WORK INSTRUCTION: What lines below mention the word "everything"? Copy each one.

* * *

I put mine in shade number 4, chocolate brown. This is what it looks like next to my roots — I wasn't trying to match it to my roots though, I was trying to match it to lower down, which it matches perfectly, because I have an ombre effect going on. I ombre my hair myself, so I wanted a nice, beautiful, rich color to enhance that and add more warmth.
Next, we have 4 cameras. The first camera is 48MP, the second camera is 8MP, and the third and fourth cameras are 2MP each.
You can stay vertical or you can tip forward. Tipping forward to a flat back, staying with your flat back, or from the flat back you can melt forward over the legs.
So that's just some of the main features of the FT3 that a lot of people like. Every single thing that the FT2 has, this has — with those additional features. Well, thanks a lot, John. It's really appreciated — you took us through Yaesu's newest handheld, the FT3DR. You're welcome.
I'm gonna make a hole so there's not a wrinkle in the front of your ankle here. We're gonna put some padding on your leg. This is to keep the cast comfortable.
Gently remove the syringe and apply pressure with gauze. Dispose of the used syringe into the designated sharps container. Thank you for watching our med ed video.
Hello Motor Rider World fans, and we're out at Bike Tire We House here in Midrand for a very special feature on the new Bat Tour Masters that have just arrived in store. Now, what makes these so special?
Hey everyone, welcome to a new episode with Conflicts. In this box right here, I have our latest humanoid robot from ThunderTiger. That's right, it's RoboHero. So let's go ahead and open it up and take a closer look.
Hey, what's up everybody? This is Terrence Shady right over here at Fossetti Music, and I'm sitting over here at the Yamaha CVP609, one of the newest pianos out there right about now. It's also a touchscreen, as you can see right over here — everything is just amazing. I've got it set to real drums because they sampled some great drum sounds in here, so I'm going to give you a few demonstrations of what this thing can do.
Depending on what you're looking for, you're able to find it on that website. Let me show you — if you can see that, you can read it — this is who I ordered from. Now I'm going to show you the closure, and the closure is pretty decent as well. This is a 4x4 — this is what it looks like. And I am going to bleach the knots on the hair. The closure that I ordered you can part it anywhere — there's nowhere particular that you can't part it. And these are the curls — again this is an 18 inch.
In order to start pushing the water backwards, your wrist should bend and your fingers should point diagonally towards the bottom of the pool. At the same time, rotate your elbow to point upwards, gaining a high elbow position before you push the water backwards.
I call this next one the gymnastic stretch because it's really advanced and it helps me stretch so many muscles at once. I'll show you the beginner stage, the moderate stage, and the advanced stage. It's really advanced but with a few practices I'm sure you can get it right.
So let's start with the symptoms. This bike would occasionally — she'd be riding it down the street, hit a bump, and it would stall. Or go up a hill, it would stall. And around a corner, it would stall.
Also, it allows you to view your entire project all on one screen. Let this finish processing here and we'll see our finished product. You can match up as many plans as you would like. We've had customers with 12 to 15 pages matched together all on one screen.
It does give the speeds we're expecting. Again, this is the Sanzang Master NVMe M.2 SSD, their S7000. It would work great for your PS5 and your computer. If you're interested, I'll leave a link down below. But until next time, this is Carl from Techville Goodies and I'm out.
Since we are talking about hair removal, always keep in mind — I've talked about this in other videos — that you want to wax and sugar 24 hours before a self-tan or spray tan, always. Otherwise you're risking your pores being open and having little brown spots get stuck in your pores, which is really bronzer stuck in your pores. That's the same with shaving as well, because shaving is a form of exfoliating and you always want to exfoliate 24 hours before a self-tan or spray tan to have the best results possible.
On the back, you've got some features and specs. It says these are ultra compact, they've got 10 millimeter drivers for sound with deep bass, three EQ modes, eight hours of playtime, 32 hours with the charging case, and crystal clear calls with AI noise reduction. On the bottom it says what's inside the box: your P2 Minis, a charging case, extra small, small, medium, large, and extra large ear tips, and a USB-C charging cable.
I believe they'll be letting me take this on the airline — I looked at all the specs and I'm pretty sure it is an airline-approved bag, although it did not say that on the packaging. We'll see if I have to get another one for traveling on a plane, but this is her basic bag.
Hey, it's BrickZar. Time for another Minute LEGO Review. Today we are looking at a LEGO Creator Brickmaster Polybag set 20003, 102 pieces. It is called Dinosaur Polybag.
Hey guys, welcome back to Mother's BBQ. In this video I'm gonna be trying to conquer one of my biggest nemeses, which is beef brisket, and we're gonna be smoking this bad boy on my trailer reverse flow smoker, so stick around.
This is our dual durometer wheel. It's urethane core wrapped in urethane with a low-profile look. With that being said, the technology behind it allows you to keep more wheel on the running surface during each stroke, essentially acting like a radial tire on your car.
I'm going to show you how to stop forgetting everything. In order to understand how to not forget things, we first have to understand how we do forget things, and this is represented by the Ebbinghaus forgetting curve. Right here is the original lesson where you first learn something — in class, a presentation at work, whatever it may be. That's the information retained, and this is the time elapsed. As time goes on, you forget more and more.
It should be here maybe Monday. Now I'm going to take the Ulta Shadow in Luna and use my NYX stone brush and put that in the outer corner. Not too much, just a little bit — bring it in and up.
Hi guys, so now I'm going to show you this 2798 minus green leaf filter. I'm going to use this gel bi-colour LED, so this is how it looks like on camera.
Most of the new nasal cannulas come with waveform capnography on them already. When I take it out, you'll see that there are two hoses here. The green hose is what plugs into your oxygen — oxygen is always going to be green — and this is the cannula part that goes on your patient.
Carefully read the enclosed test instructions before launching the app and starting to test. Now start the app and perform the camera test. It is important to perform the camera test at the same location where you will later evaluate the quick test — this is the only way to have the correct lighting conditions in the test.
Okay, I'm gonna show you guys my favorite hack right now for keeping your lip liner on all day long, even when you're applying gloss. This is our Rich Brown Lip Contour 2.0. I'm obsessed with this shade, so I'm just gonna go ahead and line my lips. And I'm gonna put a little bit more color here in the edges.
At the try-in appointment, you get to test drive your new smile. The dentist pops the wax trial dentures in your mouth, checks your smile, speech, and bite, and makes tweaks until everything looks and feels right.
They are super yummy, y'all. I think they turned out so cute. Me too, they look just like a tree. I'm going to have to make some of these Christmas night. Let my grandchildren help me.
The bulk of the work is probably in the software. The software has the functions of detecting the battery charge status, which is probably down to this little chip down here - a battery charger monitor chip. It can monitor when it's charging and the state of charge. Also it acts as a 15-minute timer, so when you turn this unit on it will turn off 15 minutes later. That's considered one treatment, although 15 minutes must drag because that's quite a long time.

* * *

RESULT FOR THIS TASK:
Hey, what's up everybody? This is Terrence Shady right over here at Fossetti Music, and I'm sitting over here at the Yamaha CVP609, one of the newest pianos out there right about now. It's also a touchscreen, as you can see right over here — everything is just amazing. I've got it set to real drums because they sampled some great drum sounds in here, so I'm going to give you a few demonstrations of what this thing can do.
I'm going to show you how to stop forgetting everything. In order to understand how to not forget things, we first have to understand how we do forget things, and this is represented by the Ebbinghaus forgetting curve. Right here is the original lesson where you first learn something — in class, a presentation at work, whatever it may be. That's the information retained, and this is the time elapsed. As time goes on, you forget more and more.
At the try-in appointment, you get to test drive your new smile. The dentist pops the wax trial dentures in your mouth, checks your smile, speech, and bite, and makes tweaks until everything looks and feels right.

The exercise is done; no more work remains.